Альваро Мутис в свободное время, которое у него оставалось от его поездок по всему миру, отлично завершил мое вхождение в культурное сообщество. В своем качестве начальника по общественным отношениям «Эссо Коломбьяна» он организовывал обеды в самых дорогих ресторанах с тем, кто на самом деле стоил и имел вес в искусстве и гуманитарных науках, и часто с гостями из других городов страны. Поэт Хорхе Гайтан Дуран, который не расставался с навязчивой идеей сделать большой литературный журнал, который стоил целое состояние, решил это частично с помощью капиталов Альваро Мутиса для развития культуры. Альваро Кастаньо Кастильо и его супруга Глория Валенсия пытались создать в течение многих лет радиостанцию, полностью посвященную хорошей музыке и доступным культурным программам. Мы все подшучивали над ними из-за нереальности их проекта, кроме Альваро Мутиса, который сделал все, что мог, чтобы помочь им. Так они создали радиостанцию HJCK — «Мир в Боготе» с передающим сигналом в 500 ватт, который был самым маленьким в то время. В Колумбии тогда еще не существовало телевидения, но Глория Валенсия придумала метафизическое чудо — делать по радио программу о модных дефиле.

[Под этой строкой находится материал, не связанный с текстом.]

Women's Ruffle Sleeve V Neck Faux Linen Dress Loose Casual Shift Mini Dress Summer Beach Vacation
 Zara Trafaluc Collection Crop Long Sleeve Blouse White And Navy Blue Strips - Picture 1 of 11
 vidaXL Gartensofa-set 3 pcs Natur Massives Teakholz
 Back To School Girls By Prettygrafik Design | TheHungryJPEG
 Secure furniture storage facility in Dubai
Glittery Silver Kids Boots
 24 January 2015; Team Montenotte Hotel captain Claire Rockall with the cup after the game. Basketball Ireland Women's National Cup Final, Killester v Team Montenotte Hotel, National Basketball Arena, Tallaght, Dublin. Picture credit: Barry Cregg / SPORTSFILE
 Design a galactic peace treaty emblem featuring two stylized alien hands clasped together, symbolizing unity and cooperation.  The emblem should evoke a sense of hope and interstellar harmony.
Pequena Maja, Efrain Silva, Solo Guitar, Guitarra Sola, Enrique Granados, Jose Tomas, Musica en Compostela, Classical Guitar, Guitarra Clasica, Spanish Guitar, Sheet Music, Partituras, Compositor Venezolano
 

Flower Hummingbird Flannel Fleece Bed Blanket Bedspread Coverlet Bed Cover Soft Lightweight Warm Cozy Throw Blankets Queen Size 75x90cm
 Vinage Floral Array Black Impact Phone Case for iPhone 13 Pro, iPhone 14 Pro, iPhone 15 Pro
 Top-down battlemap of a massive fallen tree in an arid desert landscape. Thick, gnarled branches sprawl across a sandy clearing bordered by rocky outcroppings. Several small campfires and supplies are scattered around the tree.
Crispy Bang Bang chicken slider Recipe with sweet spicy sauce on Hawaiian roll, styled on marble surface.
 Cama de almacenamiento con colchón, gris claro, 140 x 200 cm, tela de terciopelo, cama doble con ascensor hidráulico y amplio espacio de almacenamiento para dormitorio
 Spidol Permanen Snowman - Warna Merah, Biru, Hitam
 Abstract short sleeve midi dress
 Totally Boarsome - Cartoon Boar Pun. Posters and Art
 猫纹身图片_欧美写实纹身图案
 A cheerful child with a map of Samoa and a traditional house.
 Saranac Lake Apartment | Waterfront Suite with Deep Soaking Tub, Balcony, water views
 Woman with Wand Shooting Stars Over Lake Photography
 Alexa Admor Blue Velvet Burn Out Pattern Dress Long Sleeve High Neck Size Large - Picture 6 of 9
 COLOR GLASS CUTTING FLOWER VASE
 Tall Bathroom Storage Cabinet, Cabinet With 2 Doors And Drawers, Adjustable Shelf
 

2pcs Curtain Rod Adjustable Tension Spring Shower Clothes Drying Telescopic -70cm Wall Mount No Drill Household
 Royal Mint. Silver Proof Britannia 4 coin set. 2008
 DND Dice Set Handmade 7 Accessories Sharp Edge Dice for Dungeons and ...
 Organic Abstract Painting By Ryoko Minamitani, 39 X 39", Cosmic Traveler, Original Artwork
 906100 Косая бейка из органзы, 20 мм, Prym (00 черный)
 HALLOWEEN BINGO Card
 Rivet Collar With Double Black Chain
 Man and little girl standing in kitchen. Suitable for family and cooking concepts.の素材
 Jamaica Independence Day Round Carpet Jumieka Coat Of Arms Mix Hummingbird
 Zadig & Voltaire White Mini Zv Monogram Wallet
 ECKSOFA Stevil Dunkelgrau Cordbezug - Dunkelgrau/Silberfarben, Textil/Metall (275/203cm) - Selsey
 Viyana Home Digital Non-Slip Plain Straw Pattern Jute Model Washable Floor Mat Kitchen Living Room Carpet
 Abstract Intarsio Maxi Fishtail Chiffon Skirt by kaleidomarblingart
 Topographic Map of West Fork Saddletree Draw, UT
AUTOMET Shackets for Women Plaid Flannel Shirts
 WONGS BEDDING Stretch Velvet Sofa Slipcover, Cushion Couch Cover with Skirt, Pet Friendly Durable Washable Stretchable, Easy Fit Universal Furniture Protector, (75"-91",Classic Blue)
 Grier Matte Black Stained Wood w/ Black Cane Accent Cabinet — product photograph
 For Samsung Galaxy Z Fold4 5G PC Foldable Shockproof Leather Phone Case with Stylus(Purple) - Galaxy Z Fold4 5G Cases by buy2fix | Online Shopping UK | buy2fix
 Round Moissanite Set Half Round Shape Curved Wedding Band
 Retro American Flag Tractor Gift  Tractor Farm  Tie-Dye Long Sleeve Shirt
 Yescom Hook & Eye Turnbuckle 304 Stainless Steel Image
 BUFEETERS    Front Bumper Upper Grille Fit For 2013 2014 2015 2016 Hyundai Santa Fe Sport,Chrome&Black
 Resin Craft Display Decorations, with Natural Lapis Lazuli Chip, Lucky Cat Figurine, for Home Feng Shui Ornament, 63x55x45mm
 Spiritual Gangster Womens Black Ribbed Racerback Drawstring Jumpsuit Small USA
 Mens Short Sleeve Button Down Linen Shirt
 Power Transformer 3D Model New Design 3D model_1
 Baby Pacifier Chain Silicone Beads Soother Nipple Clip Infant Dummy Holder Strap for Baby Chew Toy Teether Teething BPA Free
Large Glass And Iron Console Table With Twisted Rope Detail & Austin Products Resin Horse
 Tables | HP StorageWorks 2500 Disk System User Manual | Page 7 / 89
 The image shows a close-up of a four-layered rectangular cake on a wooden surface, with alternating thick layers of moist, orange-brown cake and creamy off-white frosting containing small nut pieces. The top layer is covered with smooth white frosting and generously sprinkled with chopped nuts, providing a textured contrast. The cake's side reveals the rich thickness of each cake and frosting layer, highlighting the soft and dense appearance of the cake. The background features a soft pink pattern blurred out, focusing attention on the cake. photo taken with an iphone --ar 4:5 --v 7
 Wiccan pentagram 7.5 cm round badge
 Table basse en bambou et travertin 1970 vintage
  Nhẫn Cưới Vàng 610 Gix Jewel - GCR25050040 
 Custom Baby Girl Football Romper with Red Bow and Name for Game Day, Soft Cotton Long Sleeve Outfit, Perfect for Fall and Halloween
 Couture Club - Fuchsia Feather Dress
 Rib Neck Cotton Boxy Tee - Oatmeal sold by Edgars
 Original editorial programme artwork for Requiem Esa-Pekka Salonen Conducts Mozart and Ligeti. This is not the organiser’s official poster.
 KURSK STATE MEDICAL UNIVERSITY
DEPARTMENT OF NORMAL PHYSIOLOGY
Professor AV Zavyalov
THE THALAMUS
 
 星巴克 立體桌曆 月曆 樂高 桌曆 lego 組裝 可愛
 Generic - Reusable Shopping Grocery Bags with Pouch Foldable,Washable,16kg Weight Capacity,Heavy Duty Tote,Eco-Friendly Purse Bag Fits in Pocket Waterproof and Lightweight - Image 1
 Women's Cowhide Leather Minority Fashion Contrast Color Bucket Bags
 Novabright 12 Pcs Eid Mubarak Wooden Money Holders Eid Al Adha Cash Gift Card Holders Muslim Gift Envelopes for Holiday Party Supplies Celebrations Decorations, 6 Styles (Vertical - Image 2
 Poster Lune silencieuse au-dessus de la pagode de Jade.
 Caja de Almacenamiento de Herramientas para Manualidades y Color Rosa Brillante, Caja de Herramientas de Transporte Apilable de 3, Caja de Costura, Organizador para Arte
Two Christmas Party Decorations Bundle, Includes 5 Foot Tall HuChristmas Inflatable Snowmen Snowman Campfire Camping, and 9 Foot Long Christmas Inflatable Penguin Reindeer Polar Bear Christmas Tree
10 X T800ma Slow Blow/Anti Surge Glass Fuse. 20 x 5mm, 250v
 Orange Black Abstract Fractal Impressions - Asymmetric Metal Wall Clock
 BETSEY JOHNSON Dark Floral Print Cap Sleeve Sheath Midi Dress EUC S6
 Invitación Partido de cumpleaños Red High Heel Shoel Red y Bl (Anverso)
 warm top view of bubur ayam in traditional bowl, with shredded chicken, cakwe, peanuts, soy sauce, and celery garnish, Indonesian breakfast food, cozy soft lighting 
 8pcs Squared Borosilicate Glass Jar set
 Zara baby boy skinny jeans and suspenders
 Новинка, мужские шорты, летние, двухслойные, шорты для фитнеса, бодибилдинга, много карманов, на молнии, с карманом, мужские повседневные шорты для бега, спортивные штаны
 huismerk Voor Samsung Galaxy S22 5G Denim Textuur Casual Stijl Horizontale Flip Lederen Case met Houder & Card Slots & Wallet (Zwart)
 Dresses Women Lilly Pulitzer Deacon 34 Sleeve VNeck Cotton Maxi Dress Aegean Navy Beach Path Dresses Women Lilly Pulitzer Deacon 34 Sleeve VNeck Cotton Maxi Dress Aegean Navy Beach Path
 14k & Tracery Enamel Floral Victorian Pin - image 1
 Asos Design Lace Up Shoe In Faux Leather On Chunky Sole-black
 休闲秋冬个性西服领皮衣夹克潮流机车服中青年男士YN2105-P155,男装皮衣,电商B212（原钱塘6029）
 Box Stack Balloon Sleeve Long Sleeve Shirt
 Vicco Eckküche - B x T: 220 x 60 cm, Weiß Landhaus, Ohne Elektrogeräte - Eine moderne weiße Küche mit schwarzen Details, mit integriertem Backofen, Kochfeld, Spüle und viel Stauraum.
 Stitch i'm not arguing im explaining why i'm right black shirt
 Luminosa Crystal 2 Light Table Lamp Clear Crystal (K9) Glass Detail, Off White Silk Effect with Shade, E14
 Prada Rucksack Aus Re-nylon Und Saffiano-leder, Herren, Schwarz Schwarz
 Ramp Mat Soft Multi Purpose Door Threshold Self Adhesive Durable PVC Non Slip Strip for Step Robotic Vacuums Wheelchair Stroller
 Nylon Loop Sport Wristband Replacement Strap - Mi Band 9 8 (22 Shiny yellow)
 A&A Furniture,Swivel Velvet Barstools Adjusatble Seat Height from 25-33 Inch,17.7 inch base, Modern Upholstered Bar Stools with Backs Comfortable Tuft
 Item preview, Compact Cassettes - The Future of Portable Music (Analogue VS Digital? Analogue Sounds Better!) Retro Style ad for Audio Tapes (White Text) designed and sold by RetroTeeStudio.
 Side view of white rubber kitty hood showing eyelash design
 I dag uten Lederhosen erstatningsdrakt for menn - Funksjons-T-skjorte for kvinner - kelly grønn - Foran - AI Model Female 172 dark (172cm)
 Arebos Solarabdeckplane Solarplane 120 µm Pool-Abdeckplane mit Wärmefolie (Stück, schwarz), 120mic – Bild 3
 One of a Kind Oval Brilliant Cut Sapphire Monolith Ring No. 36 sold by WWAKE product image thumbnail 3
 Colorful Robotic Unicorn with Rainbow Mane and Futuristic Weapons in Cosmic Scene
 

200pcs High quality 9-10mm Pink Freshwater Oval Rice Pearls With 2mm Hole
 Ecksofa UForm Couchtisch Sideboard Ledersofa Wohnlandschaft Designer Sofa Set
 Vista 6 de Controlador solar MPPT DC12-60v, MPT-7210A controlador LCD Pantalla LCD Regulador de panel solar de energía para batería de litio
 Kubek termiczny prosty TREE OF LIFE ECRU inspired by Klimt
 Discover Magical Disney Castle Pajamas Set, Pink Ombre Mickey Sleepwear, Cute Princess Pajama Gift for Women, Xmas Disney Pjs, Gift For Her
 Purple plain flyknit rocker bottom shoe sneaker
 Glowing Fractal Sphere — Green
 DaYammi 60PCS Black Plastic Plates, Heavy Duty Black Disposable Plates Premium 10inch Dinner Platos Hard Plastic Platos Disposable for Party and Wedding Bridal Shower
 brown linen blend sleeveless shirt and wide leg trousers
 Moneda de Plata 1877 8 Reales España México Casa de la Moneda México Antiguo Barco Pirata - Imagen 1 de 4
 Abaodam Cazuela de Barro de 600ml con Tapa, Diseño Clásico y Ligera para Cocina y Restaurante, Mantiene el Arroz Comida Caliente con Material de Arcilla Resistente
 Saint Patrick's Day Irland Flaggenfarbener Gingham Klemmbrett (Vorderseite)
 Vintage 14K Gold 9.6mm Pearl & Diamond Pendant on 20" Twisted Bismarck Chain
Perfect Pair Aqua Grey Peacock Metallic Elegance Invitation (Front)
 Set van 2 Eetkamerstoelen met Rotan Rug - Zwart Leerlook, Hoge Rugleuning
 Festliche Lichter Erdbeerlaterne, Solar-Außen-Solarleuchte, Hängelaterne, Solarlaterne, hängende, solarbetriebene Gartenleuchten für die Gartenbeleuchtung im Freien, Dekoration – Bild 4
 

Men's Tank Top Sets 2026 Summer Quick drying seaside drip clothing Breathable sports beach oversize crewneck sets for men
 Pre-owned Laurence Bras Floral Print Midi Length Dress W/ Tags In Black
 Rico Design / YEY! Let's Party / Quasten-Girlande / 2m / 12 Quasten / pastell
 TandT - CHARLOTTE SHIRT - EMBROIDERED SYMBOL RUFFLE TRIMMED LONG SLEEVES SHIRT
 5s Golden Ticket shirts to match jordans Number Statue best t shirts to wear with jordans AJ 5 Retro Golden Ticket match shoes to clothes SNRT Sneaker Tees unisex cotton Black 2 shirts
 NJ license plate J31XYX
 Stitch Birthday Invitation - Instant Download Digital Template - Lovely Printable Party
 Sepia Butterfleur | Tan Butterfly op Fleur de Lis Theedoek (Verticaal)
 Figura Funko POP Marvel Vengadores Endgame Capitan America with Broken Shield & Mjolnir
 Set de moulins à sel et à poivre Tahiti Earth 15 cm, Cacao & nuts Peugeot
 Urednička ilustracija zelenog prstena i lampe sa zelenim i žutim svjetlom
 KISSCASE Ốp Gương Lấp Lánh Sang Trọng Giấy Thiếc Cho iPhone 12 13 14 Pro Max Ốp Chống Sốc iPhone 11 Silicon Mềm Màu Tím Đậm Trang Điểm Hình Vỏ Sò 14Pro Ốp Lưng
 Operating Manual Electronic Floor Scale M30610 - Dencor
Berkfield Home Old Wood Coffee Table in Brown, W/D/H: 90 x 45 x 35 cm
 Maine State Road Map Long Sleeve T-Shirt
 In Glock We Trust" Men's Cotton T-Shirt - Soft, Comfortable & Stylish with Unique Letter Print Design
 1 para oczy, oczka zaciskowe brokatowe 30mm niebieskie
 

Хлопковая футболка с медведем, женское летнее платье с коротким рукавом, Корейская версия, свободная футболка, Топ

Единственной передышкой, которую я позволял себе в те суетные времена, были долгие воскресные вечера в доме Альваро Мутиса, когда он научил меня слушать музыку без классовых предрассудков. Мы растягивались на ковре, слушая сердцем великих мастеров без ученых размышлений. Это было зарождение одной страсти, которая началась в потайном зале Национальной библиотеки и никогда больше нас не забыла. Сегодня я прослушал столько музыки, сколько смог достать, и прежде всего камерных романтиков, которых я полагаю вершиной искусств. В Мексике, пока я писал «Сто лет одиночества» — между 1965 и 1966 годами, — у меня было только две пластинки, которые износились, столько были слушаны: «Прелюдии» Дебюсси и «Вечер трудного дня» «Битлз». Позже, когда я наконец имел в Барселоне почти столько пластинок, сколько всегда хотел, мне показалась слишком условной алфавитная классификация, и я принял для моего личного удобства порядок по инструментам: виолончель, которая является моим фаворитом, от Вивальди к Брамсу; скрипка, от Корелли до Шенберга; клавир и фортепьяно, от Баха к Бартоку. До открытия чуда того, что все, что звучит, есть музыка, включая тарелки и столовые приборы в мойке, всякий раз как они создают иллюзию, что указывают нам, куда идет жизнь.
Моим ограничением было то, что я не мог писать под музыкой, потому что уделял больше внимания тому, что слушал, чем тому, что писал, и все же сегодня я очень мало бываю на концертах, потому что чувствую, что в кресле устанавливается некоторый тип интимности немного неприличной с незнакомыми соседями. Однако со временем и возможностями иметь дома хорошую музыку я научился писать с музыкальным фоном, согласным с тем, что я пишу. «Ноктюрны» Шопена для эпизодов отдыха или секстеты Брамса для счастливых дней. Зато я не возвращался к тому, чтобы слушать Моцарта на протяжении лет, с тех пор как меня охватила порочная мысль, что Моцарта не существует, потому что когда хорошо — это Бетховен, а когда плохо — Гайдн.